AWC’s habitat restoration – includes:

  • Providing strategic advice on habitat restoration to private landholders and key stakeholders impacted by the bushfires;
  • AWC has a substantial program to rewild habitats (not impacted by the bushfires) where native mammals have gone regionally extinct in order to restore ecosystem health and functioning;
  • Undertaking practical land management such as removing feral herbivores (i.e. goats, sheep, cattle, donkeys, rabbits), controlling feral predators (cats, foxes) to restore biodiversity;
  • Fire management (AWC is a national leader in fire management and implements the largest non-government fire management program across more than 7.5 million hectares of Australia).  In all of the regions where we have implemented this program we have seen wildfires reduced by more than 50%. The science tells us we are getting this right – by preventing large-scale wildfires we are effectively halting the decline of Australia’s biodiversity and restoring our natural capital.  This puts AWC in a unique position to share our knowledge and contribute towards the national debate about how to future-proof Australia’s landscapes from bushfire devastation. 

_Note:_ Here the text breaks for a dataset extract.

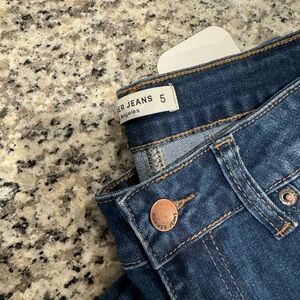 Skinny jeans size 5 from Dress Up boutique. New with tags!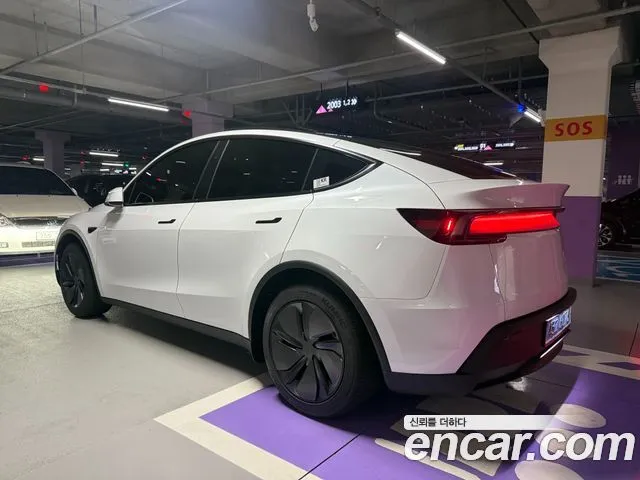 Tesla Model Y — фото 3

Securing Australia’s natural capital over the long term – in addition to our land management actions, we are undertaking rigorous scientific research:

  • To find solutions for preventing large-scale wildfires;
  • Into strategies for controlling feral predators on a landscape scale;
  • To determine how Australia’s changing climate will impact our wildlife in the future, and the interventions required to secure Australia’s biodiversity over the long term.